While shooting the breeze we talked about how to pick horses. Don likes to bet the jockeys. I was reading the racing form trying to
figure out the records of the horses, and he was looking at the jockeys’ ages
and percentage of wins. His theory is,
especially in a short race, the skills of the jockeys mattered as much or maybe
more than the speed of the horse.
My wife bets the horses’ names, with an eye on the color of
the silks. The last time Colleen was at
Arlington, with a group of friends, she won big on an exacta using that method. Winning big is relative, but she walked away
with over a hundred bucks and a story she tells anyone who will listen. She
couldn’t wait to do it again.
Meanwhile, I stuck with the racing form, both the statistics
and the short narrative about each horse.

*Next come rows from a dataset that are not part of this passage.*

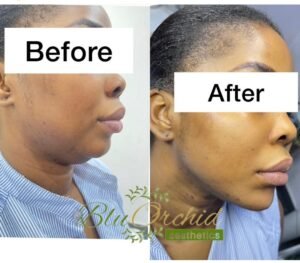 WhatsApp Image 2026-03-15 at 9.02.21 PM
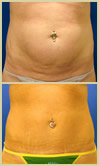 Salt Lake City tummy tuck patient photos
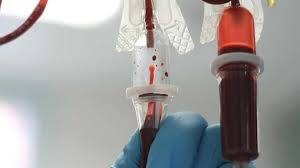 'Successful' plasma therapy trial on coronavirus patient in Hyderabad
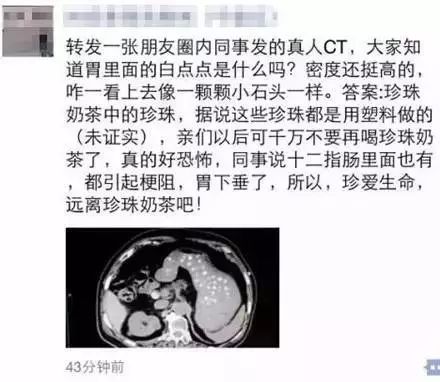 珍珠奶茶里的珍珠能被消化吗,珍珠奶茶会形成结石吗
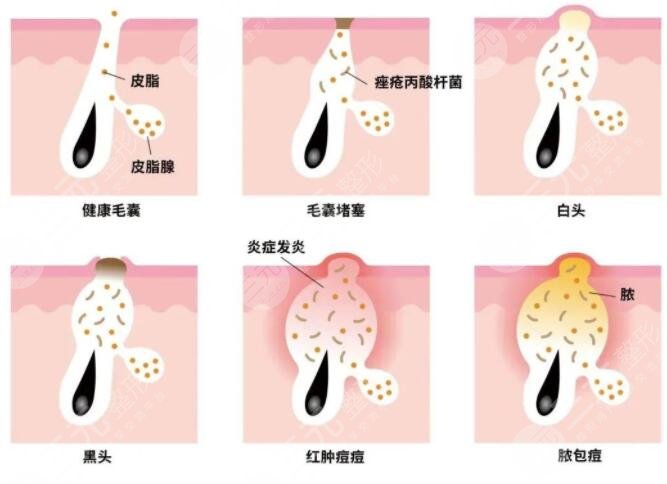 復合彩光祛痘需要多少錢?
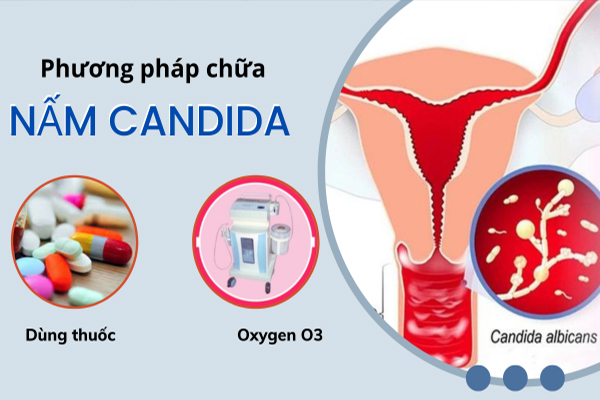 Điều trị nấm Candida hiệu quả tại Phòng Khám Trường Hải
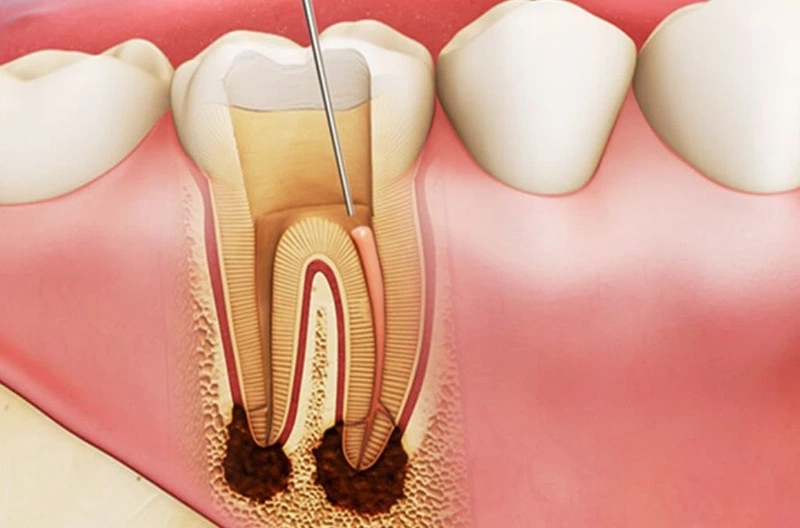 Răng lấy tủy có bị tiêu xương không? 3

I especially liked the narrative which gave me a short description of
the horse’s performance in recent races, conditions the horse favored, quirks
and patterns. I walked through the gate
knowing nothing about any horse or any jockey who raced that day and tried to
learn it all during the time between races.

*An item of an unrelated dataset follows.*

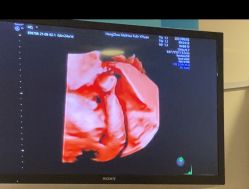 -杭州贝瑞斯美华妇儿医院·早孕·产检·儿科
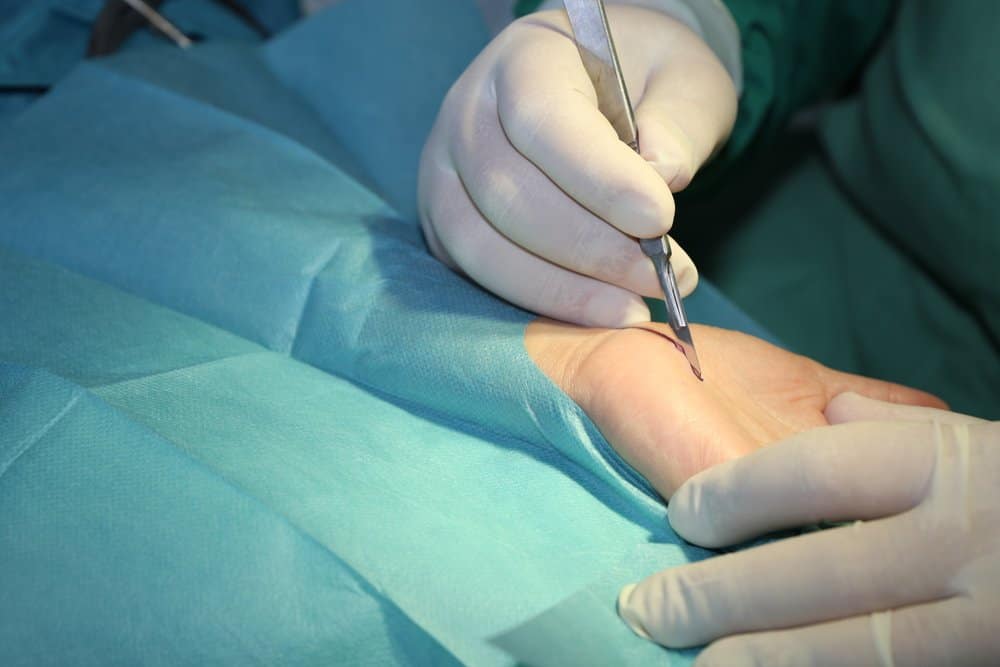 Hội chứng ống cổ tay và cách điều trị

Probably not a formula for success.
But I was confident I could figure it out.
We joked about how we made picks. Don suggested we hold June face down above
the racing form, let her drool, and bet the horse closest to the wet spot. Good as any other scheme he figured.

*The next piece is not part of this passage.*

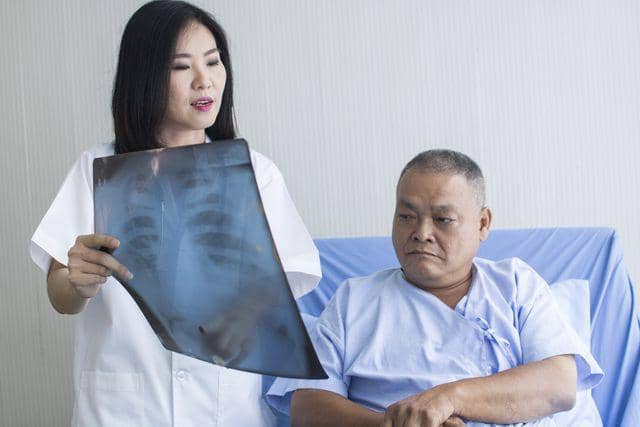 TBC Apakah Menular? Ini Fakta dan Pencegahannya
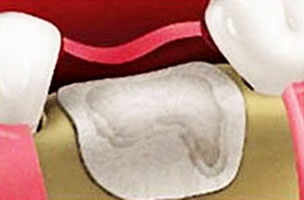 A váiaszfalmembránt fogászatban a telepítés során a membrán csontpótló a «dentalpro» klinikán!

In one of the early races, there was an Irish horse at 8-1. Bred and trained in Ireland and brought over
to the states for the summer. I’m Irish,
and my wife is even more Irish. June
looks very Irish. My wife pointed out
the jockey had green silks.
“I’m going to bet that horse,” I said.
Don was running to the window making our bets and there were
fifteen minutes or so left to get the bets down. I turned to the racing form and read about my
pick. I’d learned to note the length of
the race. This race was relatively long. The narrative writer said the Irish horse
liked to break out front but faded from the lead in his last three races. Bad quality in a long race. Another horse, the favorite, had won its last
three starts decisively. I had second
thoughts.
Don came around collecting money and writing down our
bets. I put a larger amount than normal on
the favorite.
“You’re not betting the Irish horse?”
“I don’t think this is the race for him.”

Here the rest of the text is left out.